IMHO, it might be better to survive and be the reed, than be the mighty oak and then get overturned.
 60to70
Joined: 7/28/2008
Msg: 998
Evolution
Posted: 4/14/2011 11:23:05 PM
It may be better to be the mighty oak and live in memory then to be the reed forgotten and forsaken and it might be better to be the less fortunate than to rule the world and it may be very allright to limp rather than stride with arrogance and then it may also be allright to be wrong and waiting for a trigger that ignites an excitment for a hunger that allows for evolution and an unfolding that never will forget the mighty oak. What is more humble and less arrogant than a mighty oak? What is more magnificent than a lowly reed? Civilization is proof that evolution is up for debate.
 ohwhynot46
Joined: 6/28/2009
Msg: 999
view profile
History
Evolution
Posted: 4/15/2011 10:03:42 PM

And a scientist would admit they can't explain somethings, and may offer some speculation or suggestions on possible explanations but until proven these speculations and suggestions are just that, speculations & possibilities.

Theists (who wish to have intelligent design/creationism taught in science classes) when confronted with something their theory can't explain merely use their fallback answer of "god did it" and assume that's all that needs to be said to validate their theory.

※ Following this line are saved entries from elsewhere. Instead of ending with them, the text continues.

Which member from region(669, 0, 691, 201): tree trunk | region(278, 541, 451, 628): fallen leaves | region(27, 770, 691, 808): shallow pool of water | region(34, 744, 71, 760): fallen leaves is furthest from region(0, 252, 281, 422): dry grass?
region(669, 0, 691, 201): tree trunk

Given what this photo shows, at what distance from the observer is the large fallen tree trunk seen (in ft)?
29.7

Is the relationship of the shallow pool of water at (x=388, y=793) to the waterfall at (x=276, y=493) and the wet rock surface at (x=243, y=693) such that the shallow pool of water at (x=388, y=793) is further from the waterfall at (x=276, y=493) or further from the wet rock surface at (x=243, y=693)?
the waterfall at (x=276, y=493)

There ARE scientists who accept the possibility of an intelligent designer. To present that theory in science class, speculating & suggesting is not the same as promoting theism, it is merely presenting speculative alternate explanation of the unknown. No one is suggesting that clergymen teach science, only that it seems unfair to censure the presentation of any one theory based on the fact that that theory is adhered to by some with whom they don't agree.
 lyingcheat
Joined: 9/13/2009
Msg: 1000
view profile
History
Evolution
Posted: 4/15/2011 10:43:18 PM

There ARE scientists who accept the possibility of an intelligent designer. To present that theory in science class, speculating & suggesting is not the same as promoting theism, it is merely presenting speculative alternate explanation of the unknown. No one is suggesting that clergymen teach science, only that it seems unfair to censure the presentation of any one theory based on the fact that that theory is adhered to by some with whom they don't agree.

(My bold ^^^)
If suggesting the possibility of an "intelligent designer" is not "promoting theism", who, or what, do the creationists allege is responsible for evolution?
If some 'supreme designer' then it's theism.
If nothing or something completely unknown, then the 'theory' is worthless.

Either way, it disqualifies itself from serious consideration.

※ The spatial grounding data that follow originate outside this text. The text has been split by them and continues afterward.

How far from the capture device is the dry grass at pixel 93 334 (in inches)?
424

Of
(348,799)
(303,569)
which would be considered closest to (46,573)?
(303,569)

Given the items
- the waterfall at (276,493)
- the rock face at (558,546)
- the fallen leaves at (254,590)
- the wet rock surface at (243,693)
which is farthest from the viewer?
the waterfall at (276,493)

Ignoring for the moment that you are using the word 'theory' (as applied in the scientific sense) incorrectly, what evidential support does each 'theory' have?
Using X's to create a bar graph representing evidence for each would look like this -
______________________________________________________________________________________________________
Evidence For The Two Theories
Evolution - XXXXXXXXXXXXXXXXXXXXXXXXXXXXXXXXXXXXXXXXXXXXXXXXXXXXXXXXXXXXXXXXXX

Intelligent Design -
______________________________________________________________________________________________________

Ummm... I guess if schools ever decide to devote class time to hocus-pocus and mumbo-jumbo, then intelligent design would slot right in, but until then why would anyone even consider teaching intelligent design at all, let alone calling it 'science'.
 stargazer1000
Joined: 1/16/2008
Msg: 1001
Evolution
Posted: 4/16/2011 5:11:02 PM

It sort of has to do with evolution... I think...

Characters

Mr. Deity = God
Lucy= Lucifer (Mr. Deity's ex girlfriend)
Jessy = Jesus
Larry= The holy spirit

Are you ready?

Mr. Deity And The Magic

http://www.youtube.com/watch?v=0KSLRjDR4aQ&feature=relmfu

Hilarious!!!


This one is even more on point...

Mr. Deity and the science advisor

http://www.youtube.com/watch?v=2Clm6nlWxzc

Of course, if I could be assured that what Lucifer looked like, I could easily be convinced to be a satanist!